Scraped caption text data:
================
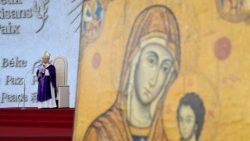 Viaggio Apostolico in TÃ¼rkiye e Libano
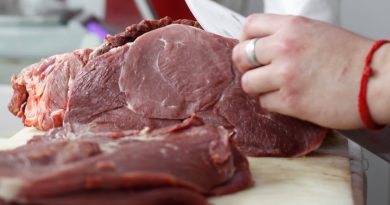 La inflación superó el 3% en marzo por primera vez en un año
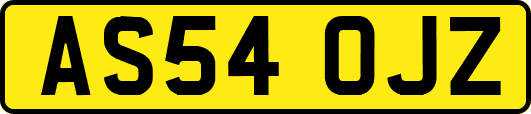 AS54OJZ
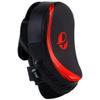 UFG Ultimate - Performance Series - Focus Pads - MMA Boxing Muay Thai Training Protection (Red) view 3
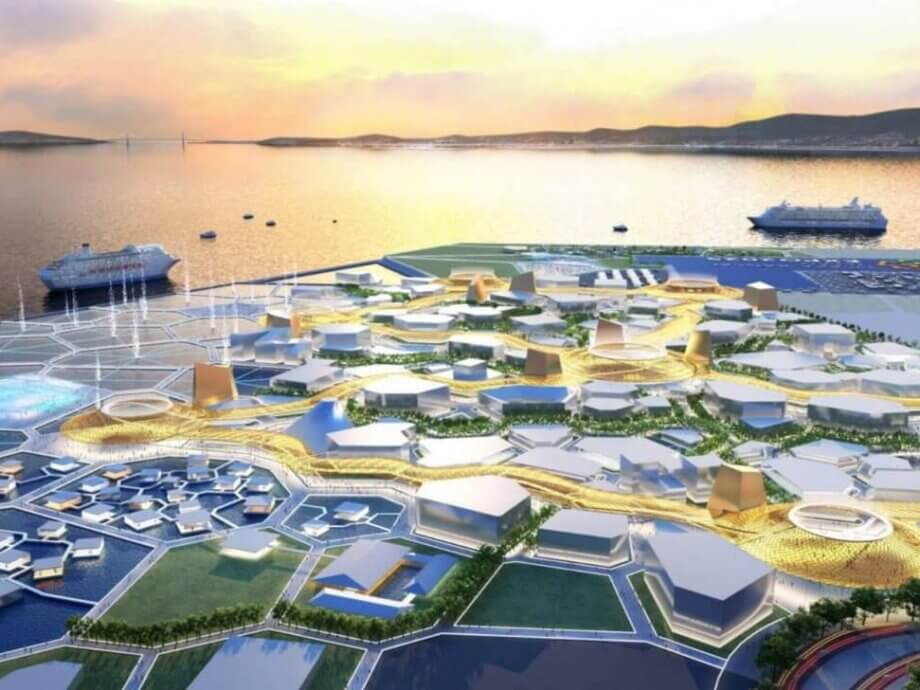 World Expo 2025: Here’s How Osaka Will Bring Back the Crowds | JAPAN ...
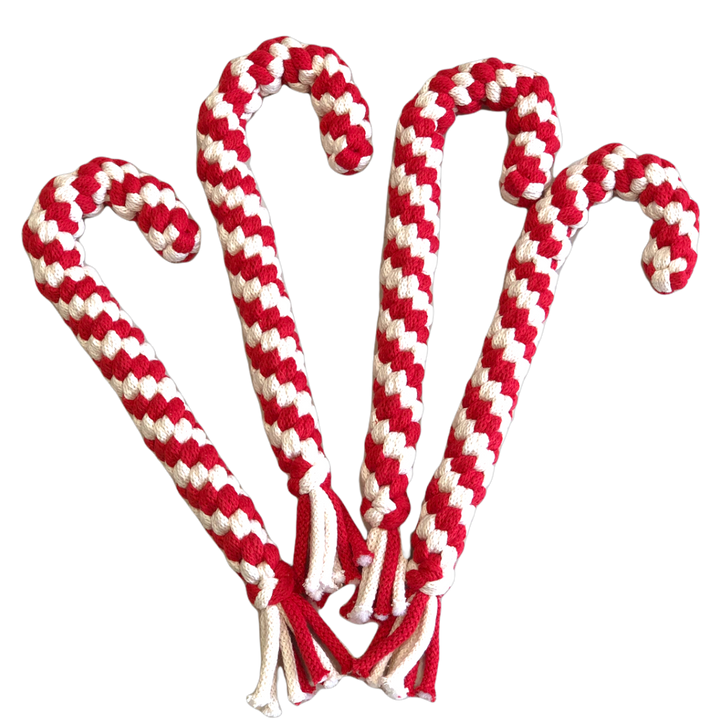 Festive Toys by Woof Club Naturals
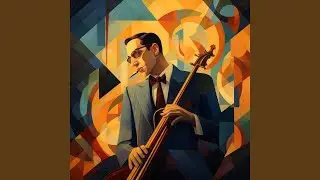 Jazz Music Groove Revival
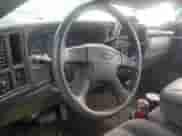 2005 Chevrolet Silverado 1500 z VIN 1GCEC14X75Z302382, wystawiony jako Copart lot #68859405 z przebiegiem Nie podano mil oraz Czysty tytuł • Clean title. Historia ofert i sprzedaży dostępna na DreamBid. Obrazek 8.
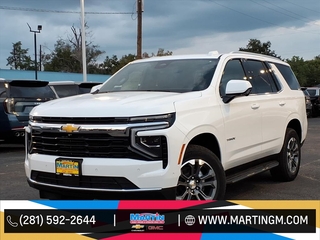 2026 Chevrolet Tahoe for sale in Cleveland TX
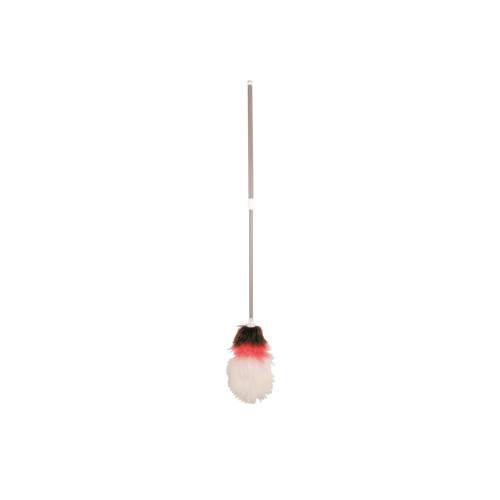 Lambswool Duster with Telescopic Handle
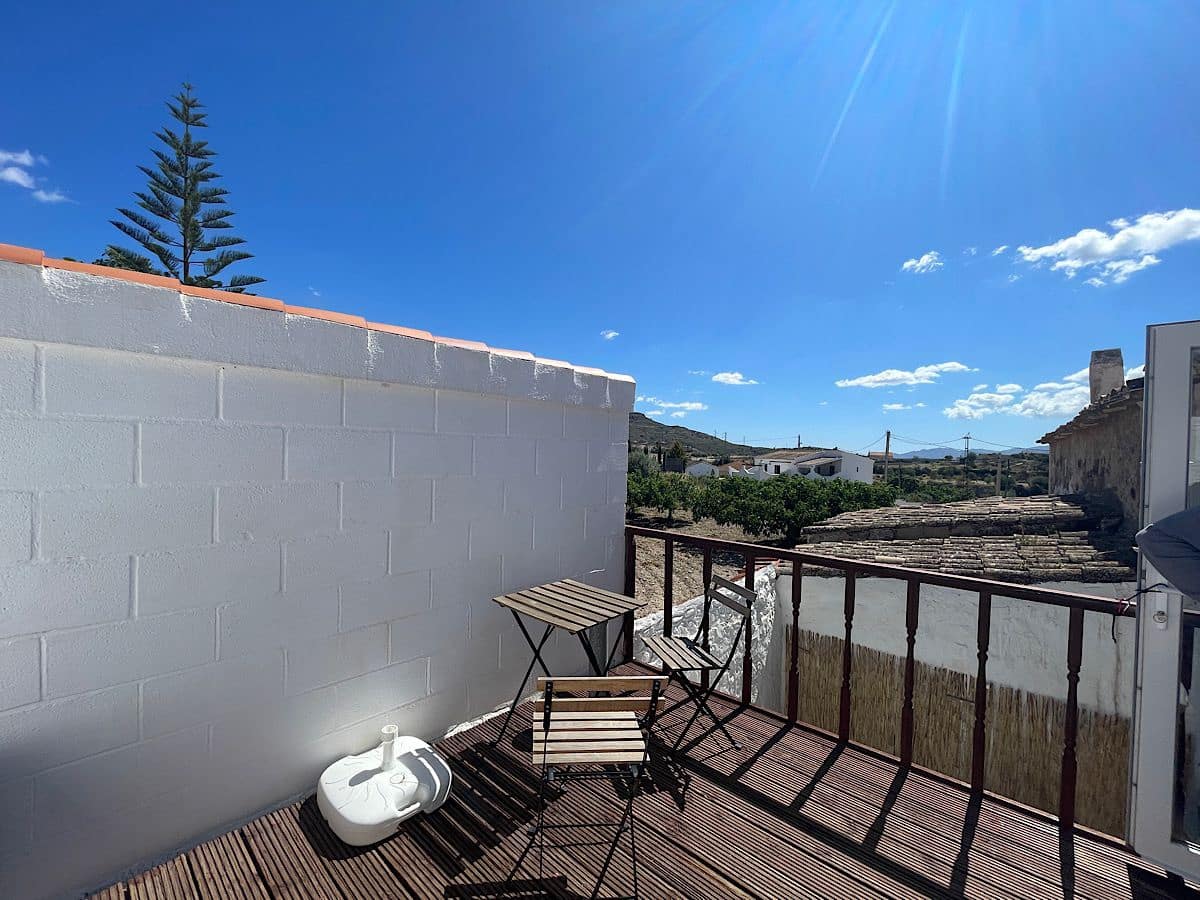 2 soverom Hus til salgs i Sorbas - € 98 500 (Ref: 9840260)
================
Task directions:
Make an exact copy of the records from their first line through the line containing "World Expo 2025: Here’s", both ends included, with the pictures omitted.

Response to the exercise:
 Viaggio Apostolico in TÃ¼rkiye e Libano
 La inflación superó el 3% en marzo por primera vez en un año
 AS54OJZ
 UFG Ultimate - Performance Series - Focus Pads - MMA Boxing Muay Thai Training Protection (Red) view 3
 World Expo 2025: Here’s How Osaka Will Bring Back the Crowds | JAPAN ...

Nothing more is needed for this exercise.